Dus daar liep ik dan, met een rugzak (fles water, thermoskan warme chocomelk, bekertjes, koekjes, appels, pakjes zakdoeken, lippencreme, handcreme en nee, géén EHBO doos), een boodschappentas in de ene (spelletjes, doeboeken, leesboeken, sticker mozaïek) en een sporttas (twee skihelmen, Daan z’n skischoenen (stel dat hij toch ineens zin krijgt), extra truien, reservehandschoenen) in de andere hand. Terwijl de sneeuw in m’n gezicht joeg en de kinderen al jengelend achter ons aan klosten, ‘of het nog ver was’ en ‘kunnen jullie ons niet een stukje dragen?’ Serieus.

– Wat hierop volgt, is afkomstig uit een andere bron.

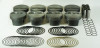 Mahle MS Piston Set GM LS 408ci 4.030in Bore 4in Stroke 6.125in Rod .927 Pin -4cc 11.6 CR Set of 8 - 930218130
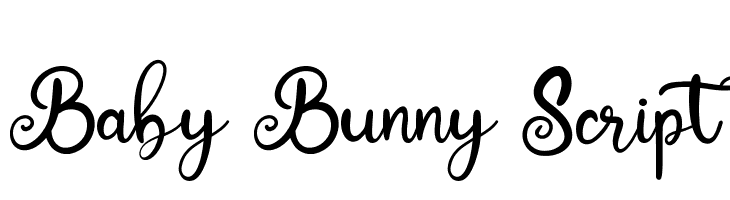 Baby Bunny Script  font caratteri gratis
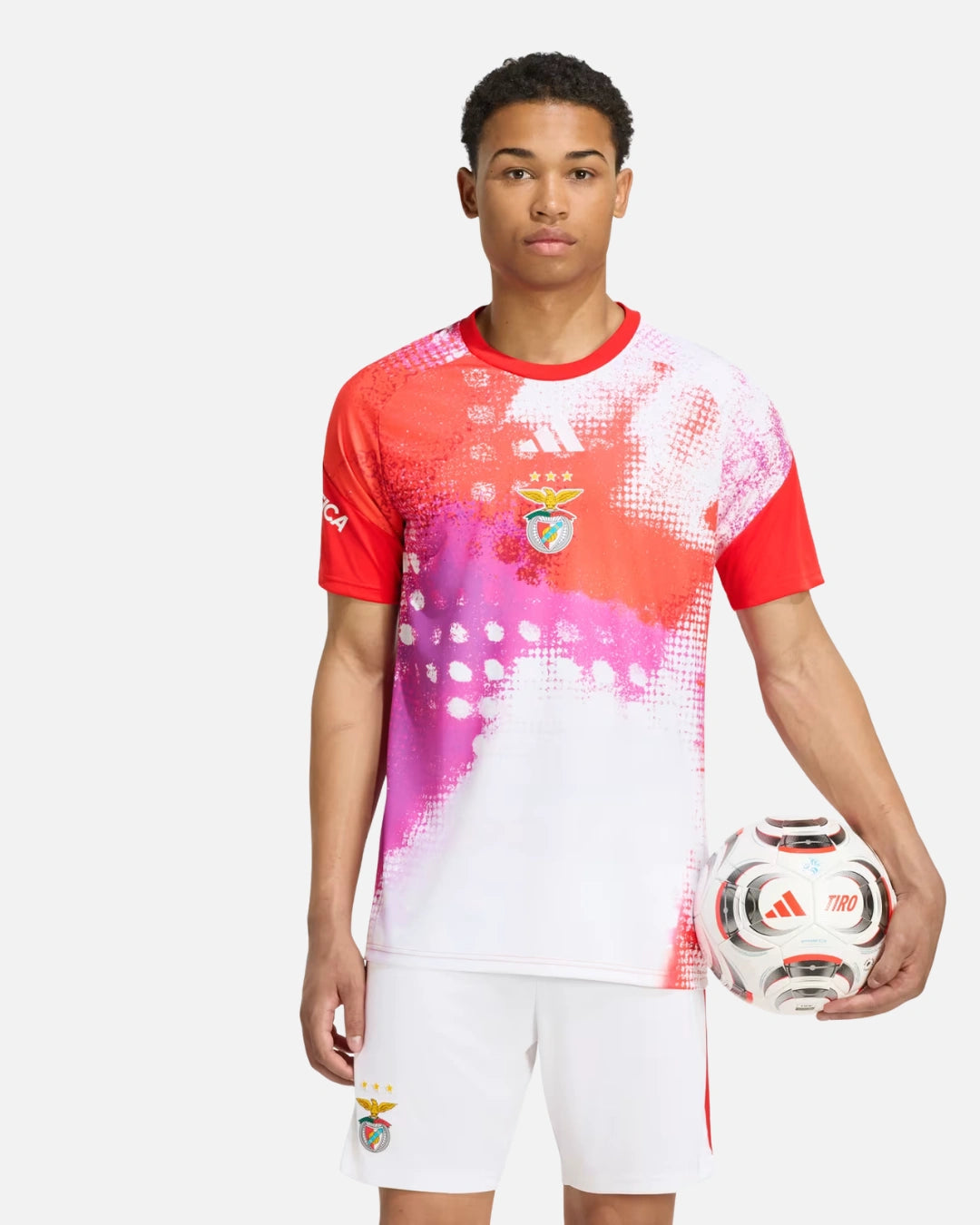 Maillot Pré-Match SL Benfica 2026/2027 - Rose/Rouge/Blanc
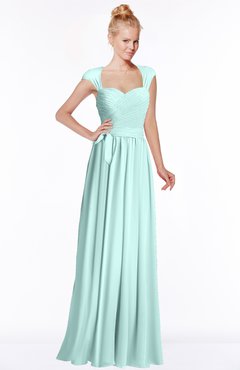 ColsBM Anna Blue Glass Modest Sleeveless Half Backless Chiffon Floor Length Bridesmaid Dresses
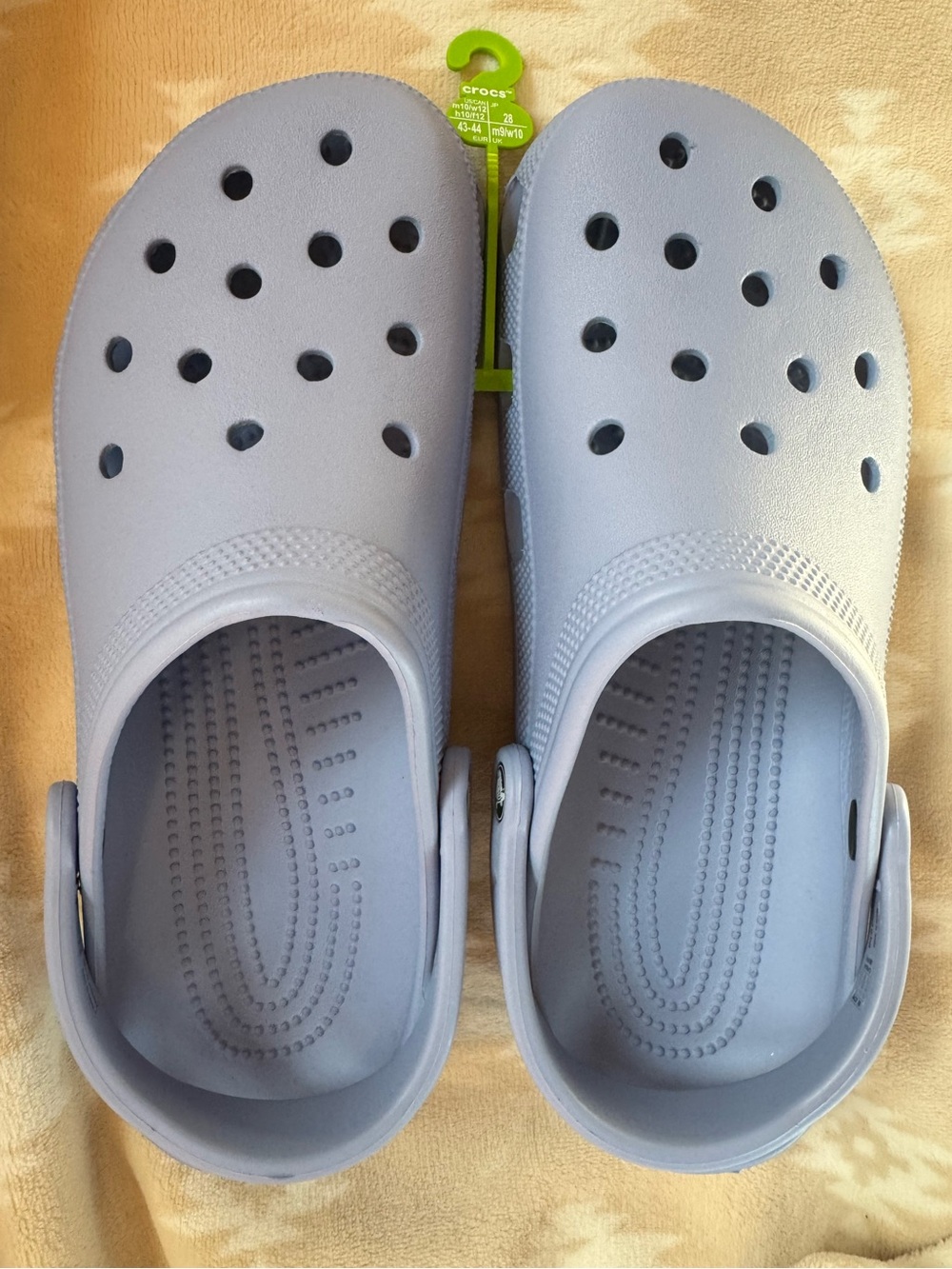 CROCS Classic Clogs Mules Unisex Women’s 12 Men’s 10 Blue Haze NWT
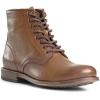 imageFrye Tyler Lace Up Boots for Men Crafted from Soft Vintage Leather with Blake Construction Burnished Toe and Heel and Rubber Inserts on Leather Soles  5  Shaft HeightCognac  Nessy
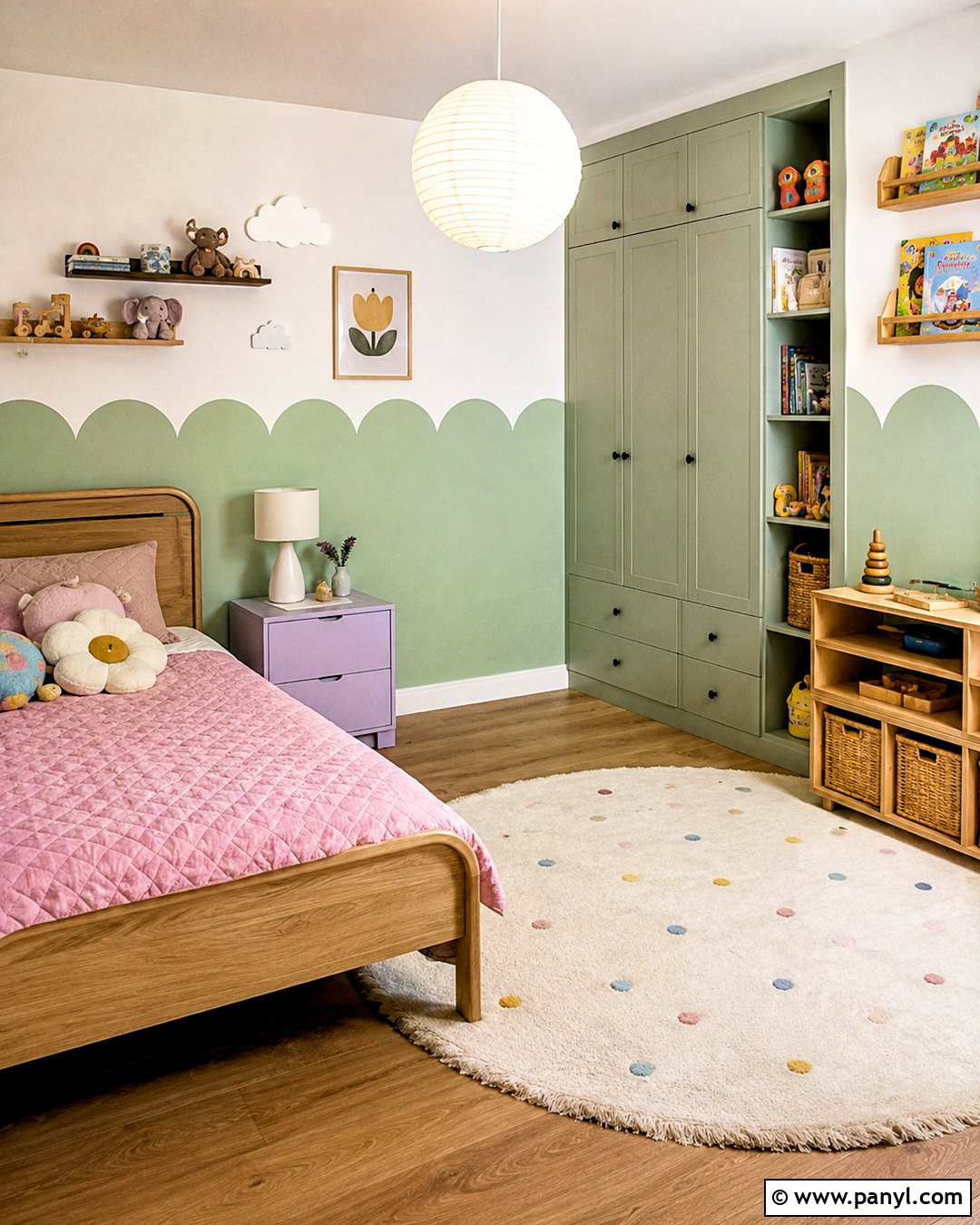 Pastel Scalloped Wall - 20 colourful walls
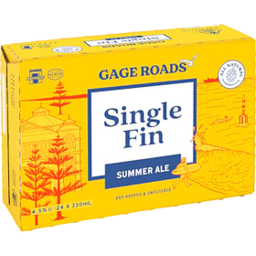 Photo of Gage Roads Single Fin Summer Ale  330ml 24pk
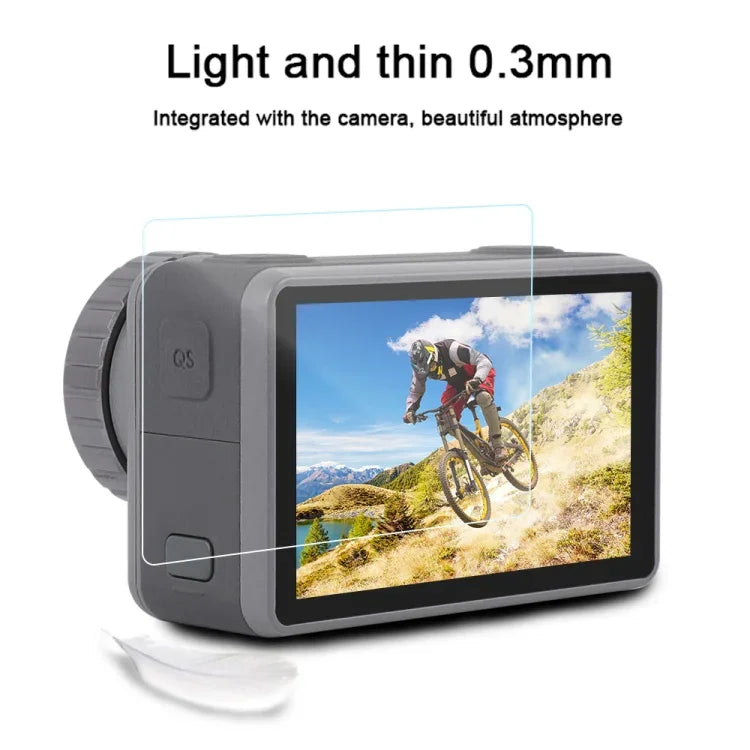 Schutzfolie für das vordere und hintere LCD-Display des DJI Osmo Action 3-in-1 Objektivs (HD), für DJI Osmo Action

Wat oneerlijk dan ook dat Daan zich halverwege de week ineens bedacht (‘Ik wil toch skiën pappa!’), ik alsnog aan het lezen van mijn boek toekwam, ze met van die verraderlijk schattige rode appelwangetjes en glinsterende ogen naar beneden kwamen zeilen en ik schoorvoetend moest toegeven dat zo’n besneeuwd berggebied met strak blauwe lucht in de zon best mooi is. Verdomme… Laat mij nou gewoon lekker zwelgen in deze sneeuwmisère. Nu willen ze natuurlijk volgend jaar weer…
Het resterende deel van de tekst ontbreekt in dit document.